Sermons from St Faith's   





The Seventh Day

Fr John Reed. Sunday 3rd June, 2018



I did a Bible quiz at a Vicarage Garden party last year, and then, like they do in the local pub, I gave the answers, so everyone could mark each other’s papers, and then got the “will this answer do instead?” routine from a few people.  One question in particular caused a lot of discussion. The question was “How many days of Creation”; let’s see if you know at St. Faiths?  I said seven others said six. Even long serving Readers got this one wrong.

The seventh day is an important day of Creation, it may seem like nothing happened that day to the work-obsessed British, so maybe its value is suspect. But God gave it as the pinnacle of creation to his people.  They had known slavery in Egypt, they had known the 24/7 week, they had known the dehumanising and devaluing effect of being Pharaoh’s property, they had known the whip of the task master. 

And God gave them a whole day every week, a day without labour, a day to reflect on God’s generosity, a day for families to flourish. But with it came a responsibility, the animals, the foreign labourers and the land were all to have   sabbath too. They had to learn to depend on the Creator for everything that day.  No ifs, no buts everyone and everything was equal in God’s eyes.

There are many other rules in parts of the Jewish religion that ensure the sabbath is kept to the letter of the law.  These were the things Jesus encountered as he went around from place to place healing and teaching.  There were respected Jewish leaders following him around and trying to trip him up; just imagine if they had had Twitter or Facebook. His reputation and credibility would have been destroyed over and over again.  But he was clear the sabbath was meant for man not man for the sabbath, there should be no legal bar to doing good things for others in need on the sabbath day.  It was never part of God’s intention for humanity.

History has shown attempts to reduce human existence to a series of rules or a check list to be slavishly followed are doomed to failure; humanity does not fit neatly into tick boxes.  And the human cost of recent attempts to do this are reported in the news: disastrous treatment of human beings, ask the disabled people, asylum seekers, benefit users or the Caribbean  migrants.
 
True humanity is very much a theme in Paul’s  second  letter to the Corinthians. He is defending himself against some “Super Apostles” who have a strong following in the Corinthian church.  People are comparing apostles, and no doubt choosing the ones that are perhaps less demanding, or more exciting.  Paul disavows deceit and duplicity, and is realistic about what sort of Apostle he intends to be, warts and all.  Paul is quite clear that the only person who needs promoting is the only perfect human person, Jesus Christ.  Apostles have treasure to share, but in themselves are like common clay jars.  Beware of the apostles that do not promote Jesus and seek to promote themselves.  The Gospel of celebrity and success has no part in Paul’s experience of sharing his faith in Jesus with the fledgling church in the first century Roman world.

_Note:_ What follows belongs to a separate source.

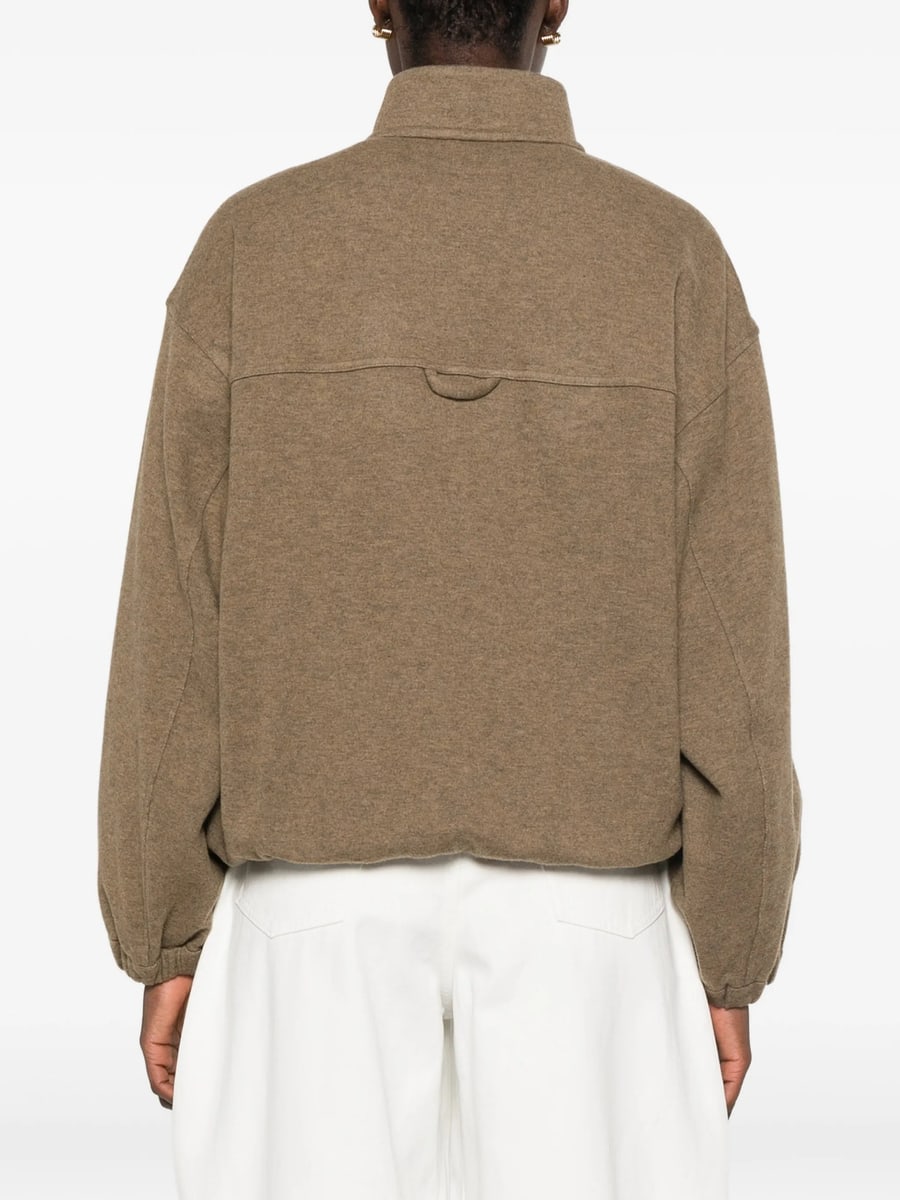 Lamrons Lamrons Quarter-zip Elasticated-hem Sweater, view 4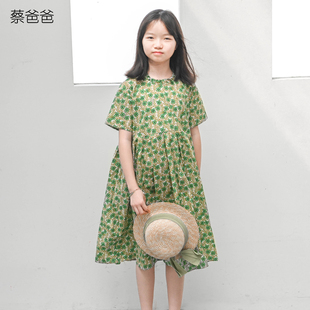 连衣裙666 小清新母女碎花裙女童裙夏薄款 蔡爸爸原创童装 2026新款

In our Facebook, Twitter, publicity-conscious world it is a salutary warning that calls us back from the madness this world counts as success. We need like Paul to be realistic about the humanity God has given us and value it for what it is, especially when it is broken humanity. Clay jars may be common, but they are incredibly useful. God in the act of creation takes common clay from the ground, and breathes his spirit into it to make Adam.  And it is God’s radical life-giving Spirit that accepts and transforms broken humanity, and reaches beyond it to others in need of God’s love.  We too have a part to play in this.  But we need to listen to the Spirit within.  We seek to help those in need of the bread of life,  not as aid workers dropped in from somewhere else with full stomachs, but as fellow human beings who too have found the true bread  and are just beginning to understand what it can do for others.

From the wonderful gift of the sabbath day, with its provision for all of creation, to Paul’s clay jars, we must learn to value what Jesus was prepared to die for and seek true humanity, that will flourish if given space to, in the way God intended it too.